The Winter Trees VII folio includes five warm-toned images printed on glossy paper.

Winter Trees IV

Winter Trees Folios IV, V, and VI

The idea for a series of folios celebrating winter trees had been with me for a long, long time — since my earliest days in photography. At long last, in 2008, the series commenced. My intention was to produce one folio each year.

This year, Boreas (the Greek God of Winter) must have been feeling particularly spry. These three folios were photographed and produced from a singular and spectacular storm the morning of February 23, 2011.

I awoke at 5am to a dark, heavy rain. An hour later, the cold had descended. Snowflakes started piling up more rapidly than I'd ever seen in my life. For a fellow born in Wyoming, this is saying something. Another hour and dawn arrived. Whatever plans I had for the day were postponed and in just a few minutes I was out in the falling snow, camera in hand.

Causland Memorial Park occupies a one-block square not far from the center of our small town. Its varied and numerous trees gathered the large snowflakes for a brief pause on their way earthbound. Atop each and every limb and twig an outline of white grew, poised, balancing, waiting. Mid-morning arrived with a stiff winter wind. The snow crystals first blew off the twigs, then the branches, then the limbs. Each gust created a burst of cascading snow, driven down in small avalanches.

By late afternoon, it was over and the winter trees were once again black outlines against a grey sky.

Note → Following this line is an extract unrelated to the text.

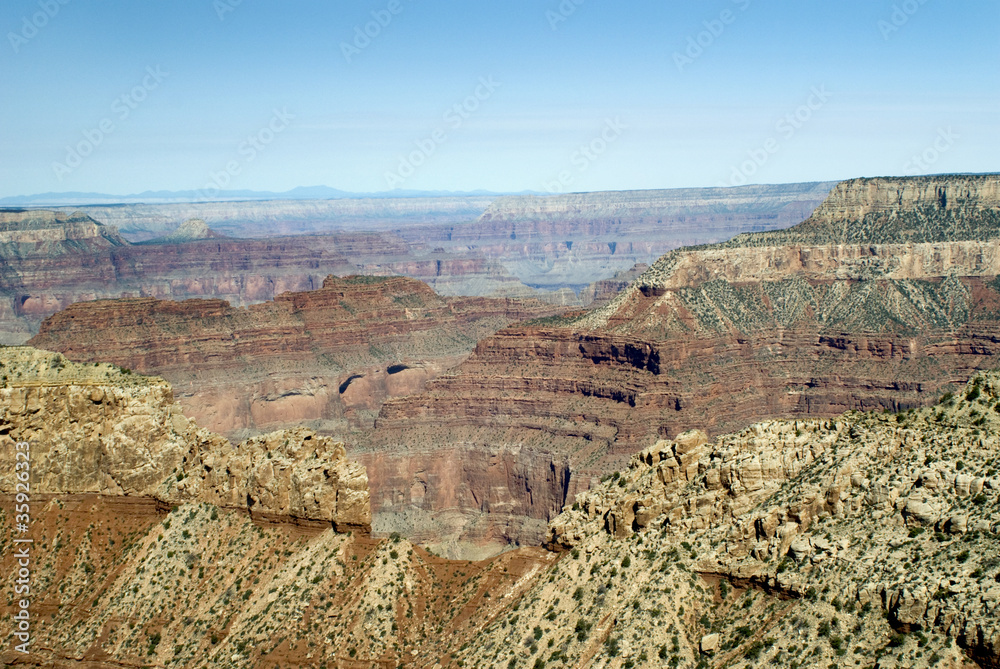 Grand Canyon from the air Arizona USA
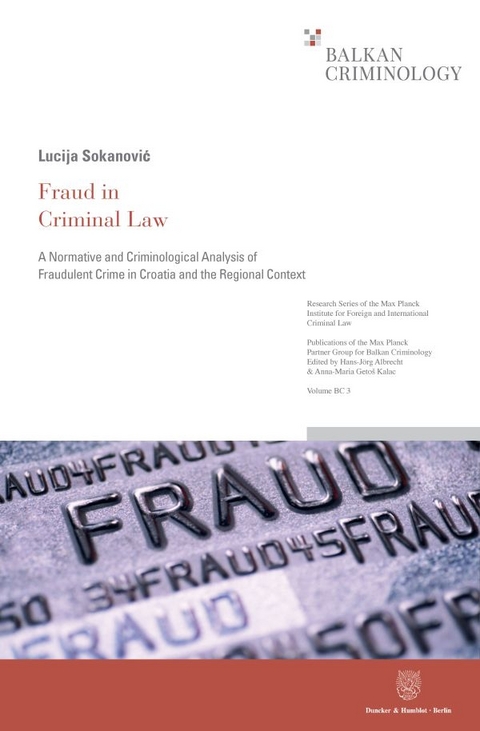 Fraud in Criminal Law. - Lucija Sokanovi?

The Winter Trees IV folio includes five split-toned, horizontal images

The Winter Trees V folio includes five split-toned, vertical images

The Winter Trees VI folio includes five color images

A single, unified PDF monograph is available for free download here in both Adobe Reader format and iPad format.

 

Winter Trees IV
Winter Trees IV

Winter Trees III

Winter Trees III

For a photographer, winter is wonderful for the angular light and the open candor of the forest and the winter trees. All five images in this folio were photographed in a single day following a heavy winter storm in December of 2008.


Winter Trees II

Winter Trees II

The images in this folio were photographed on a single, glorious day of sun and snow, in March of 2008. A bright, clear sun, perfectly muted by high thin clouds, a sparkling, snow-covered landscape, dry pavement, a warm breeze, and no schedule nor obligations. I poked along down Highway 395 from Pendleton to Burns, Oregon and drank it in, a refreshment that only such light, landscape, and fresh desert and mountain air can provide.


Winter Trees I

Winter Trees I

This first winter trees folio was begun and almost completed in the fall of 2007, but not released until April of 2008. It lay dormant all winter, waiting for me to find the time to finish it — an approprite metaphor, I suppose.